You can purchase all of the first ten challenges in a convenient ebook along with custom notebook pages.

Comments

  1. This is GREAT! I’d much rather do trees. As far as what’s in our “yard,” I have no idea. We’ve not figured that out yet.

    I want to start doing your challenges.

    And I wanted to pass on a neat link of something else I want to try: moth feeders.

    Do you realize that this blog has become a complete nature study curriculum??? WOW!
    With this and the Handbook and a few other resources, you’ve got an entire science curriculum for lower grades.

  2. Trees would seem very appropriate for this time of year anyway :)
    I can help on clouds- my son is a cloud spotter *grin*.
    You might like to take a look at the Cloud Appreciation Society site:
    http://www.cloudappreciationsociety.org/

    Also the Audubon guides help some- I know that’s not the handbook, but it might help you figure somethings out :)

    ~Rachel~

  3. Exciting! We will be joining in again this week. :) Can’t wait to start learning more about our trees!

    Jimmie, What a neat link you gave. Those acivities look neat too. Thanks for passing it onward.

    Blessings,

    Tina

  4. Oh Yea!!! I’m glad you picked this one as it was something i had in mind to start, but was having a bit of trouble with it. I’m sure you’ll share lots of good ideas. I would really appreciate ideas on how to get my autistic son involved, as trees don’t really ‘live’ and ‘move’ as much as other things that interest him. (I know they do but when i point things out to him i get a ‘uh huh, that’s nice’ response.

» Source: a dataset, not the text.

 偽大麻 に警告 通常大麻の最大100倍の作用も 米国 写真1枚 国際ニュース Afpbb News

    Anyway…..I’m glad you picked trees next. LOL

  5. What if you don’t know the names of trees? *blush*
    We do know what pines are…..but there are different kinds of pines right????? The only tree we have is a small Japanese maple in our front yard. I don’t know anything about the other trees in our area. We live in the Pacific Northwest if that helps. :-)

    Patricia in WA

  6. Oh, perfect! We’re still working through the first few challenges. Our focus is lizards, which isn’t really covered in the Handbook, so I decided we should also start a seasonal tree study. My son chose our Florida Red Maple and I chose our grapefruit tree. I hadn’t blogged about it yet. For once, we’ll actually be with everyone else in the study.

  7. I have been looking over your site now for a couple of weeks. I have prepared by printing out all of the challenges and making a book.

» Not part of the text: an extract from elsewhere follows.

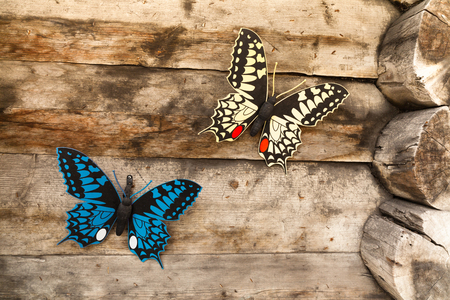 Rustic barn in a Swiss mountain valley with butterflies.の写真素材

    I have wanted to do nature walk/study for a long time. I looked over HNS when we first began homeschooling, but as I was already overwhelmed I didn’t even try.

    Thank you for such an inspiring blog and giving me a place to start. We just completed challenge #1. Looking towards trees.

  8. We are excited about identifying our trees! Thanks for leading us!

  9. We’re thrilled about studying trees again. I love trees! We found a ginkgo this week. And maybe now I’ll find all those leaves we’ve been pressing in all my heavy books and do the tree pages I intended to make way back when for our very own tree guide.

  10. I love trees! For anyone not sure which tree they are looking at, I found this lovely guide here – it walks you through identifying the tree, just by using a leaf.

    It does only give North American species (or those commonly found in North America), but I’ve found it helpful to at least give me the genus of the tree I’m looking at – for example it confirmed to me that the tree I had was a ‘birch’ – I then just needed to google the species of Birch that grow in New Zealand to id our tree.